Leave out every picture, and output exactly the lines from the line containing "Crypto fair play casino login" through the last line of the data.

##### DATA SUPPLIED #####

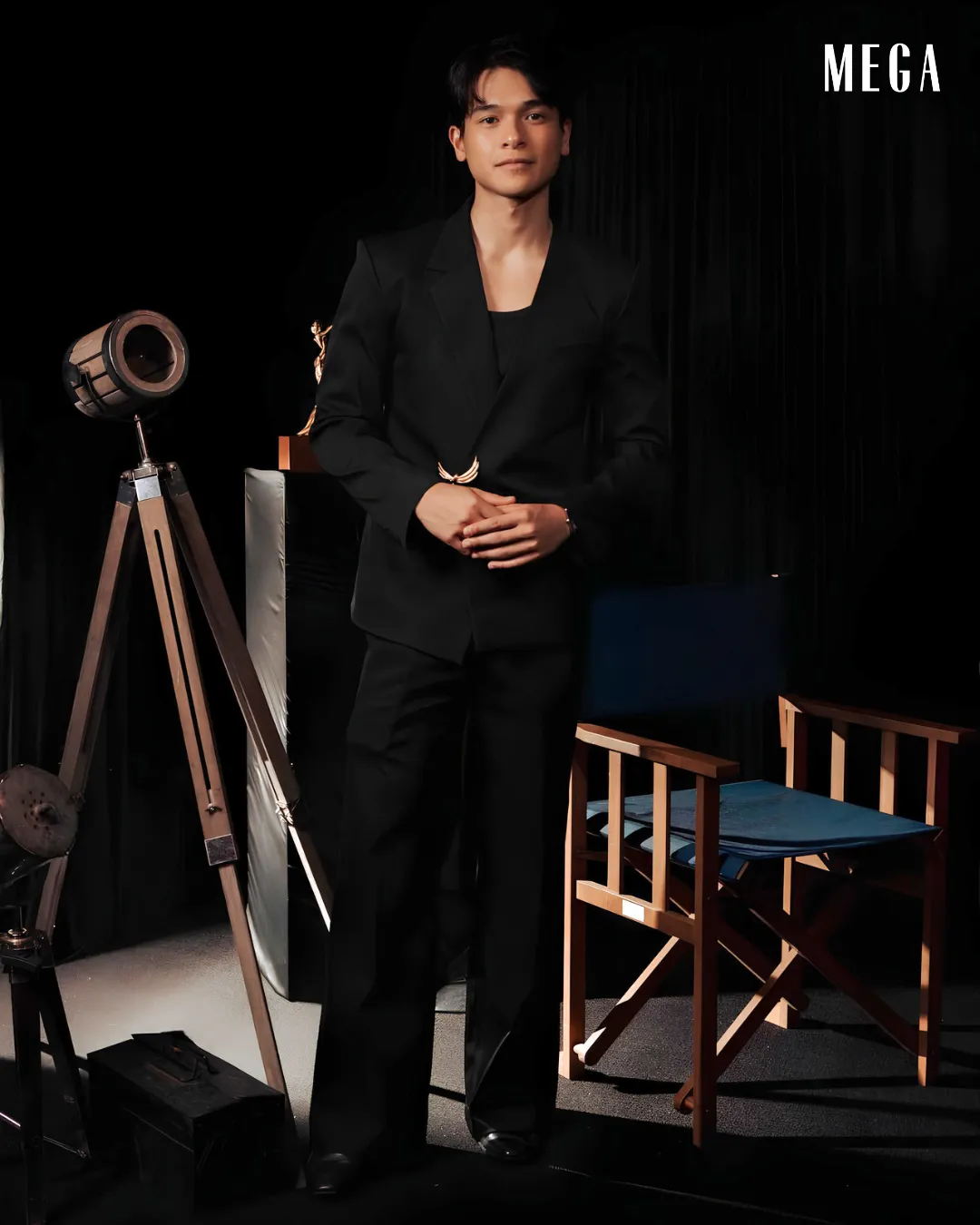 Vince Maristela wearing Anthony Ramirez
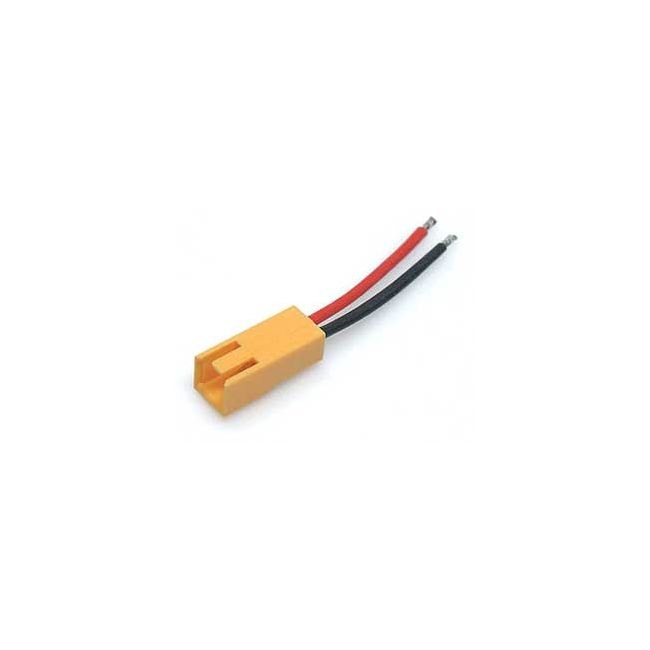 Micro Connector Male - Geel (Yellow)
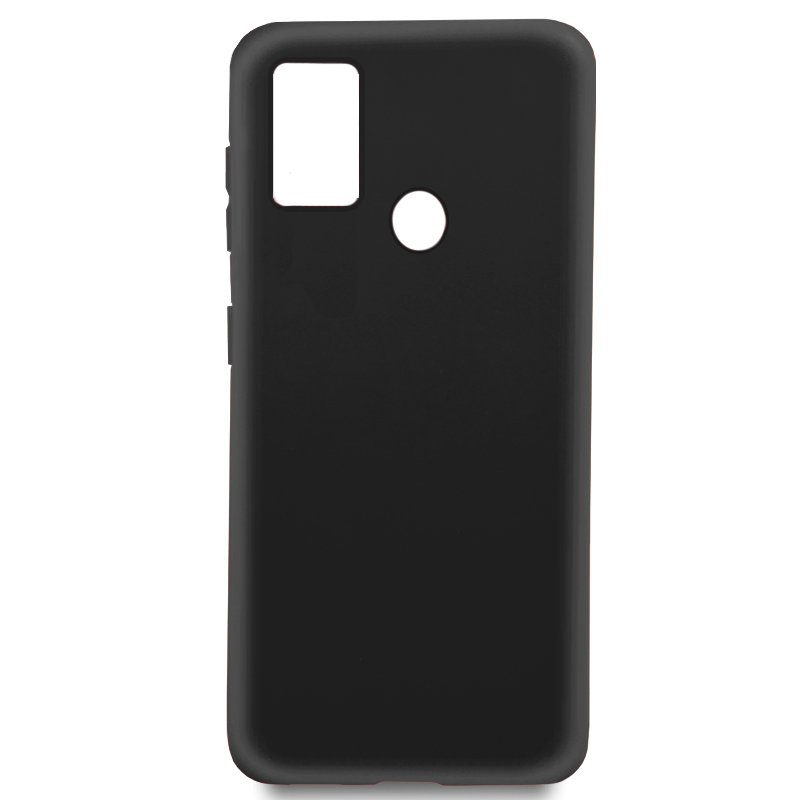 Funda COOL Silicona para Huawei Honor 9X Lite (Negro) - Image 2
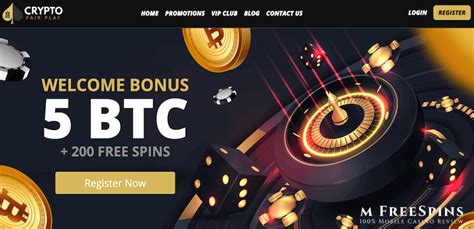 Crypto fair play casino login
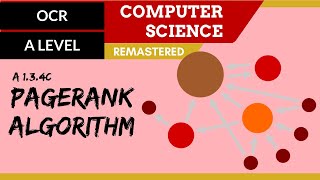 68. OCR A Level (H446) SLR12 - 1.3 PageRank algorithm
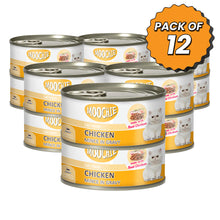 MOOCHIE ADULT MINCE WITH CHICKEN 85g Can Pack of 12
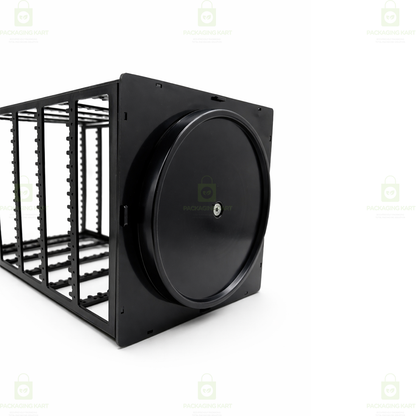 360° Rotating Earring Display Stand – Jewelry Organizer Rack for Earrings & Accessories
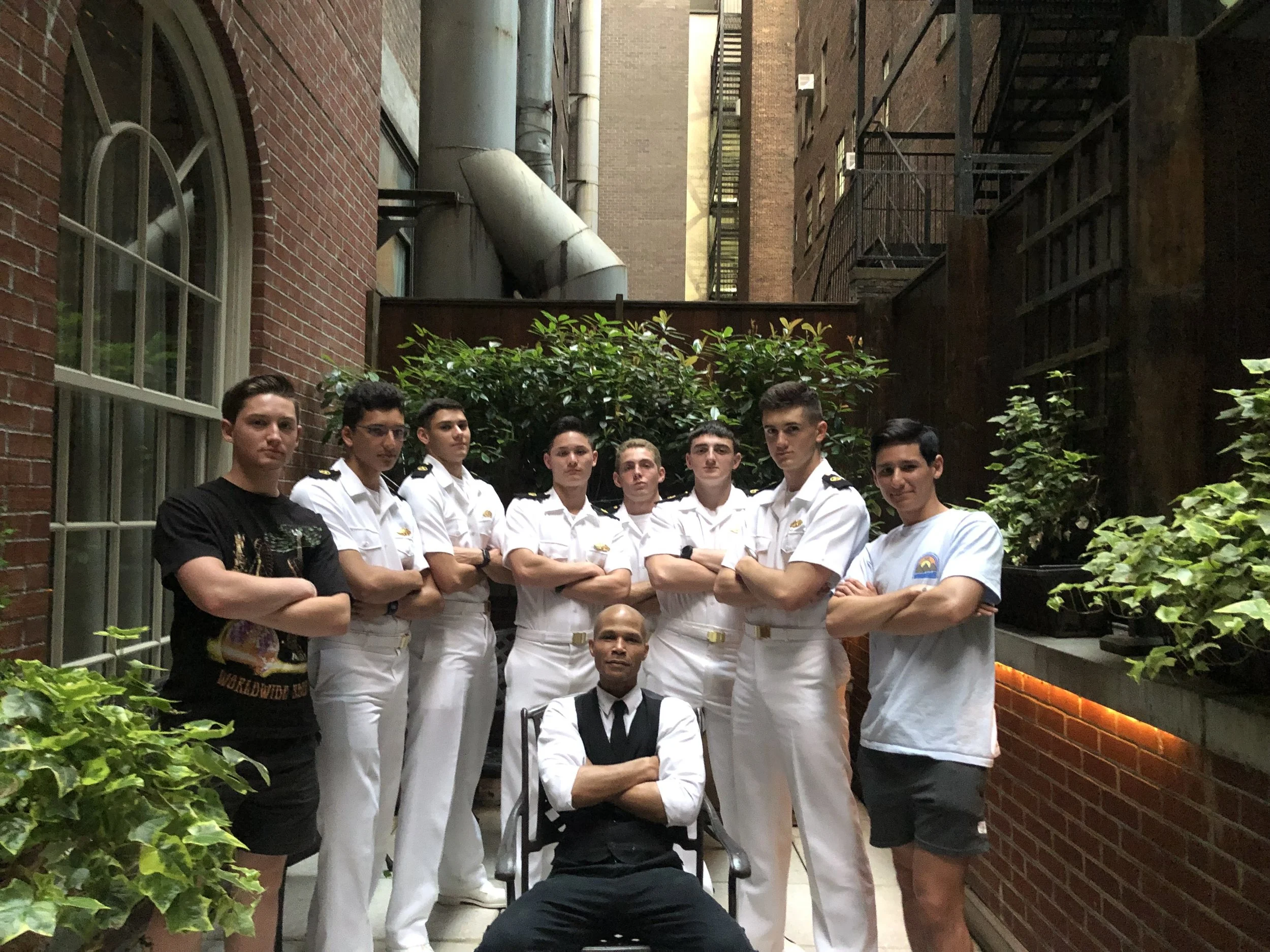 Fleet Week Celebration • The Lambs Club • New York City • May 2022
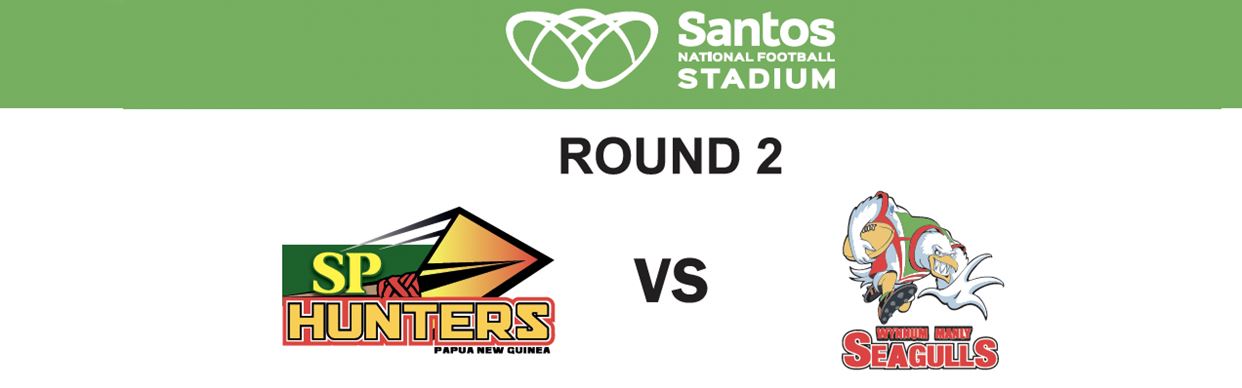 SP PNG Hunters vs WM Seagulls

#####

**ANSWER TO THE EXERCISE:**
 Crypto fair play casino login
 68. OCR A Level (H446) SLR12 - 1.3 PageRank algorithm
 MOOCHIE ADULT MINCE WITH CHICKEN 85g Can Pack of 12
 360° Rotating Earring Display Stand – Jewelry Organizer Rack for Earrings & Accessories
 Fleet Week Celebration • The Lambs Club • New York City • May 2022
 SP PNG Hunters vs WM Seagulls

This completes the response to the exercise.